Description de l’offre disponible
Les PCR multiplexes, c’est-à-dire recherchant plusieurs cibles en même temps dans un même prélèvement avec un seul test, existent depuis plusieurs dizaines d’années. C’est leur automatisation et leur simplification à l’extrême qui ont constitué un tournant pour le microbiologiste, le clinicien et l’hygiéniste. De plus, les approches syndromiques ont transgressé les séparations entre les différentes spécialités de la microbiologie et les laboratoires correspondants.

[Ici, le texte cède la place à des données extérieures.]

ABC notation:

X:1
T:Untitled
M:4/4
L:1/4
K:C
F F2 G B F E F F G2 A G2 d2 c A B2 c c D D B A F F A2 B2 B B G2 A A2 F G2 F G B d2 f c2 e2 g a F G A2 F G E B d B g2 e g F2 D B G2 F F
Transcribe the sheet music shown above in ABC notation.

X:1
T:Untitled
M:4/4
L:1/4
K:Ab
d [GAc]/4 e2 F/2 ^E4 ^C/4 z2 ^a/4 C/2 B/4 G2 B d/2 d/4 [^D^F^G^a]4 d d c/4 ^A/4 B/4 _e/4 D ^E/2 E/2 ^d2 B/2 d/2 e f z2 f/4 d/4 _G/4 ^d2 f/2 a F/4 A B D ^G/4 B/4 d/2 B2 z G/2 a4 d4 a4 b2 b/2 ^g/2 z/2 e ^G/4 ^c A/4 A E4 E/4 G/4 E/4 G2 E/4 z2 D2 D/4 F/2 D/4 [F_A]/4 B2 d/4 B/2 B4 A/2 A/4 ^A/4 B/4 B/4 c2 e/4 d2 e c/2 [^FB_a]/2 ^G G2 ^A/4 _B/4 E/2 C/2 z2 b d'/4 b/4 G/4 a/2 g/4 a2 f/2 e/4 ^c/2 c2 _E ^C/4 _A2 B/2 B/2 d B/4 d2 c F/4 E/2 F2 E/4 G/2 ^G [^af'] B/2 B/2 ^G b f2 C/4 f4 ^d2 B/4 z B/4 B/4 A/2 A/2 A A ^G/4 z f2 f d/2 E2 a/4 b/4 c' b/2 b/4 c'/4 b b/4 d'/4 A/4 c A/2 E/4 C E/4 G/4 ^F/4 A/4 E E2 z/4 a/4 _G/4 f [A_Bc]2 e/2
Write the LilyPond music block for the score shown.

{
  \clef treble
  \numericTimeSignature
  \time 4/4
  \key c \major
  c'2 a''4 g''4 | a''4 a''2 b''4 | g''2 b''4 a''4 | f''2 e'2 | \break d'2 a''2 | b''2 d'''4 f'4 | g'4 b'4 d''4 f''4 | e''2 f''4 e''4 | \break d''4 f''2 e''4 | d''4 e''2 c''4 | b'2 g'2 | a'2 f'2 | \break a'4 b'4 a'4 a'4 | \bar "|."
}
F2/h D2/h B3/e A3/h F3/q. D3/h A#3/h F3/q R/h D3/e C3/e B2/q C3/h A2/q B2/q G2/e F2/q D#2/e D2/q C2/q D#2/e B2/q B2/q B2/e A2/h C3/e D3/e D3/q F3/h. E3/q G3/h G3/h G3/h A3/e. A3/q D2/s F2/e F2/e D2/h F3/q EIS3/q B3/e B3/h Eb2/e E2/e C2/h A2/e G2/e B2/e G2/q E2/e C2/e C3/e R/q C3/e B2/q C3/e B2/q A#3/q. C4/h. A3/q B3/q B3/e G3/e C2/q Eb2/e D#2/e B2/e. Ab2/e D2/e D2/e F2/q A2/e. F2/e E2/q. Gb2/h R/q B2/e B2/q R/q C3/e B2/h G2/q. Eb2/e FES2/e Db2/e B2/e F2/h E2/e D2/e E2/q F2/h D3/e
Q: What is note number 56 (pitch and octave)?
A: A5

Les analyses sont réalisées sur des plateformes de plus en plus compactes réalisant de façon automatisée les trois étapes des tests PCR (ou apparentés) : extraction, amplification et révélation de l’ADN3 ou de l’ARN4 des micro-organismes recherchés. Ces tests peuvent être réalisés par un personnel formé a minima n’ayant aucune spécialisation en biologie moléculaire, ce qui permet leur réalisation sur des plateaux techniques polyvalents fonctionnant 24 heures sur 24 et 7 jours sur 7, ou dans des structures plus petites de type « point of care5 » éloignées géographiquement des plateaux techniques. Leur délocalisation à l’intérieur même des services cliniques et leur utilisation par du personnel soignant n’ayant pas de formation de laboratoire sont techniquement possibles. En effet, en plus de leur miniaturisation et de leur automatisation, ces tests sont associés à des logiciels qui donnent des résultats validés techniquement et interprétés (présence ou absence de la cible), directement utilisables par les cliniciens. La biologie délocalisée, initialement limitée à des tests simples (biochimie d’urgence, tests immunologiques basiques, voire test génomique ciblant un seul pathogène), prend ainsi une nouvelle dimension. Les panels syndromiques concernent par exemple les infections neuro-méningées, les infections respiratoires hautes ou basses, les infections gastro-
intestinales, les infections sexuellement transmissibles, les infections digestives et intra-abdominales, les infections ostéo-articulaires… (Tableau I). Des panels sont également commercialisés pour être utilisés sur des flacons d’hémoculture identifiés comme positifs par un système automatisé : ils ciblent des bactéries, des levures et des gènes de résistance aux antibiotiques. Comme évoqué précédemment, nous incluons à cette liste les PCR multiplexes recherchant plusieurs gènes de résistance dans un prélèvement de selles, utiles pour le dépistage des porteurs de BHRe. Les résultats sont obtenus très rapidement, en une heure environ.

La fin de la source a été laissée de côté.